Murdoch, 82, filed for divorce Thursday from his wife Wendi Deng, who he married in 1999 shortly after his divorce from Anna Torv Murdoch. It is unclear what prompted the split, though it comes after months of speculation about the state of the couple's relationship. She is Murdoch's third wife.
On Tuesday, News Corp shareholders approved the split of the company into two publicly traded companies, one for its newspapers and book publishing business, the other for its television and film properties. The split is expected to be final later this month.
Related: Who is Wendi Deng Murdoch?
Murdoch's net worth was most recently estimated to be worth $11.2 billion putting him in the top 100 of the world's richest people, according to Forbes' 2013 World's Billionaires list.
Deng stood by her husband throughout a controversy surrounding the phone hacking of celebrities, politicians, victims of crime and others by people working for Murdoch's tabloids in the United Kingdom. In the summer of 2011 She even slapped a protester who had planted a shaving cream pie in her husband's face, creating a much talked-about spectacle and earning her the nickname of "Tiger wife."
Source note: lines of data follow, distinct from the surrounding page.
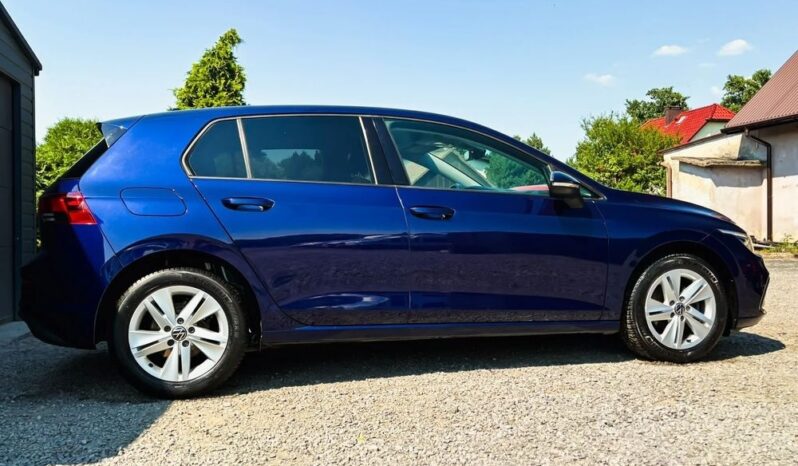 Volkswagen Golf | FWD (przód) | Manualna | 130 KM | Granatowy full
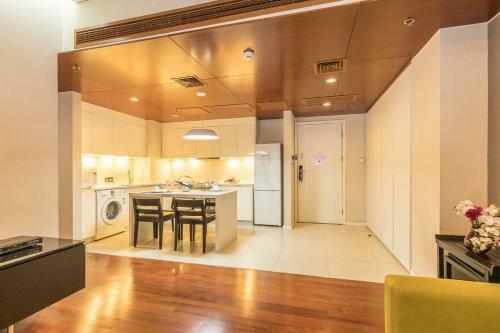 Aparthotel Jiu Du Hui Serviced Apartment
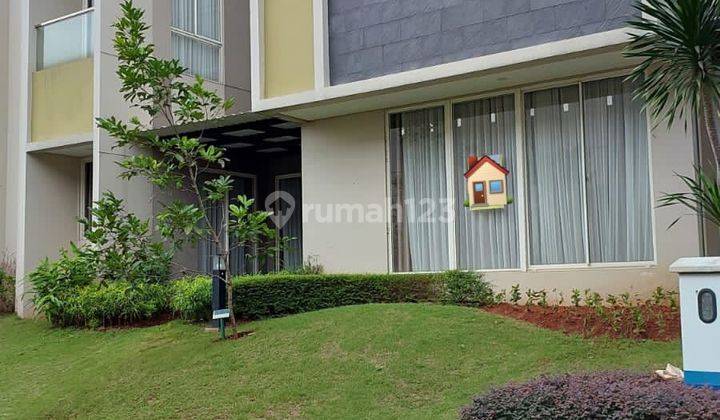 Rumah Siap Huni Di Cluster Mozart, Gading Serpong 2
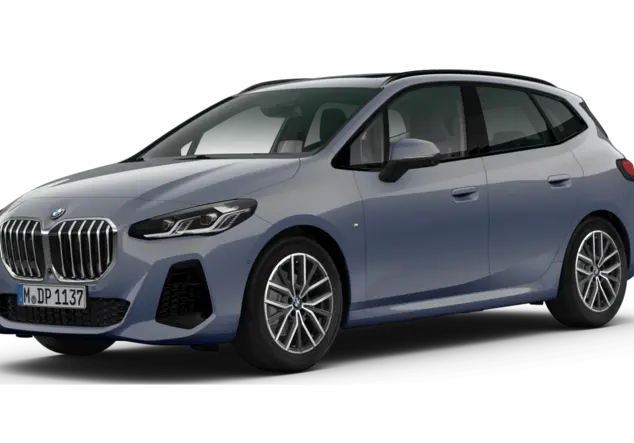 Angebotsdetails BMW 2er Active Tourer 218i Steptronic DCT Sparkling Kupfergrau metallic
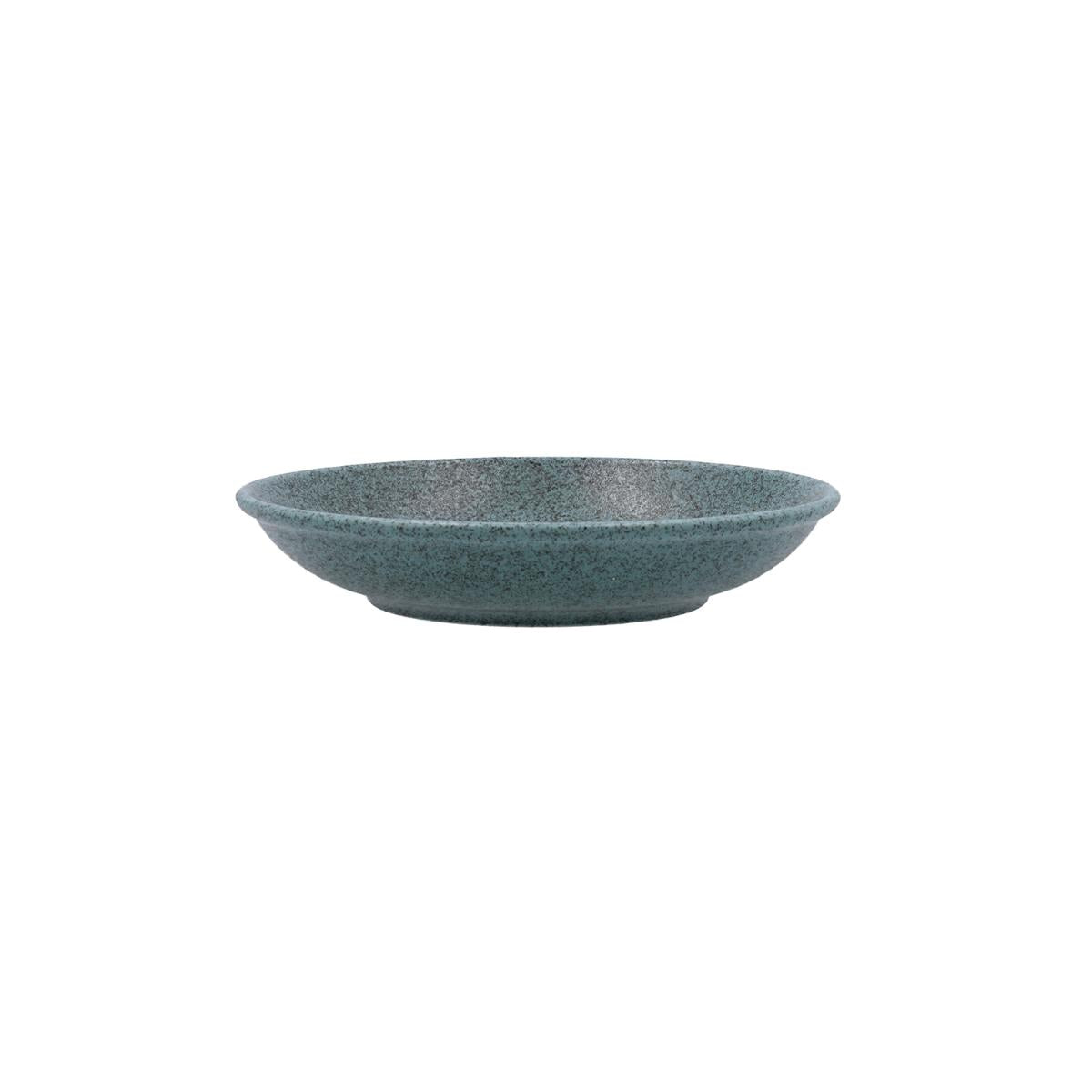 PLATO HONDO 20CM HYDRA AZUL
Nearly half his age, Deng met Murdoch at a Hong Kong cocktail party shortly after she graduated with a masters degree from Yale and went to work at Star TV, a Hong Kong-based satellite television service owned by Murdoch.
The couple have two daughters together, while Murdoch has four older children from his previous marriages.
News Corp announced last summer that it planned to split its operations into two publicly traded companies. Murdoch, the company's largest shareholder, will remain chairman of both companies.
While it is not publicly known whether Murdoch and Deng inked a prenuptial agreement, if they did, Murdoch likely filed in New York because of the state's tendency to enforce prenup terms, said Michael Stutman, a New York-based divorce attorney and president of the New York chapter of the American Academy of Matrimonial Lawyers.
"New York will apply those terms so long as they are not grossly unfair or unconscionable," he said. "The same cannot be said about every other country in the world."